The fall in employment in certain sectors, despite a quick recovery after an unprecedented year, is a matter of concern and needs urgent attention. While the Centre has focused on the healthcare, banking, agriculture and insurance sectors, the services sector, which suffered a grave setback on account of the pandemic, has been skipped. Tourism, hospitality and the entertainment industry, which are major job creators, need special attention. While the infrastructure measures announced in the budget may boost tourism over the long term, a 19% slash in the budgetary allocation for it and a low allotment of resources for the development of tourism infrastructure have been disappointments. India needs not just greater employment, but quality jobs.
Likewise, current inadequacies of India’s rural jobs programme need to be addressed. Revised estimates for the Mahatma Gandhi National Rural Employment Guarantee Scheme, a lifeline for millions of unemployed migrant workers who had to return home during the lockdown, seem inadequate. The budget allocation of ₹73,000 crore for the scheme is about 35% lower than the revised estimate of ₹1.11 trillion for 2020-21. In the current scenario, the government could look at raising this allocation to alleviate unemployment in rural areas. Additionally, urban job initiatives along the lines of the rural employment scheme could serve well in tackling rising unemployment in big cities. The push for big infrastructure projects is good, but may not result in many jobs in the near term. Given their long gestation period, job creation will depend on how quickly capital-intensive projects like economic corridors take off.

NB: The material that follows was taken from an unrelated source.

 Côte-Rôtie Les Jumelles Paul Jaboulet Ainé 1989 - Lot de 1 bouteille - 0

Another area is relief, or the lack thereof, for India’s micro, small and medium enterprises (MSMEs), a sector that employs nearly 40% of the country’s informal workers and serves as the backbone of our economy. The lockdown hit this sector the hardest, with many units facing bankruptcy. While the central allocation for the MSME ministry in 2021-22 has doubled, a major portion of it is for the guaranteed emergency credit line (GECL) facility, which provides liquidity and credit guarantees to MSMEs. Given that most of this sector is informal and unregistered, there is unlikely to be a large uptake of these loans and backstops.

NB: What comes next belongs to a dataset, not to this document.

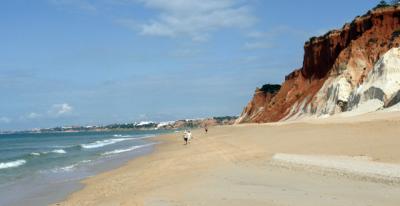 Plage du portugal à Algarve , Abufeira, Portugal.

Instead of relying on the private sector alone to generate employment, the government should do more to boost the health of MSMEs. Enabling the digitization of small businesses could help them join the mainstream and prove beneficial from the perspective of accelerating job creation.
The e-commerce sector did a good job of delivering essentials and non-essentials to homes during our lockdown. It was not just online grocery delivery platforms, but a variety of e-retailers that went beyond their field of expertise to meet the needs of citizens. The growth of e-commerce, backed by physical retail, has created new opportunities for scores of local-level retailers. It has also helped them build resilience and new capabilities, aiding their growth. Traditional retailers have also seen impressive jumps in e-commerce sales, either directly or through online marketplaces.
In that context, what has not been adequately explained by the Centre is India’s equalization levy of 2% on foreign e-commerce companies. According to India Brand Equity Foundation (IBEF), the country’s e-commerce industry is projected to reach $99 billion by 2024, expanding at a compounded annual growth rate of 27%. With an increasing number of consumers shopping online after the pandemic, categories like groceries and fashion/apparel are poised to be significant drivers of this projected growth. But not everyone welcomes the trend. We still have groups like the Confederation of All India Traders (CAIT) arguing against the alleged inequities caused by large e-commerce players. But opposition to online retailers ignores the benefits they bestow upon India’s economy. Unfortunately, vested interests often have a reason to oppose online retailing and hinder the sector’s growth by supporting restrictive tax and regulatory measures.
While the government’s Atmanirbhar Bharat and other post-covid relief packages may be seen as ‘mini’ budgets in themselves, they were in response to the pandemic-induced lockdown. The government must now pay attention to India’s long-term growth and overall development. As our economy prepares for a return to normalcy, assistance to crippled sectors that can provide jobs to millions will go a long way in assuring us a balanced recovery. A vaccine is not the only shot in the arm that these sectors need from our government.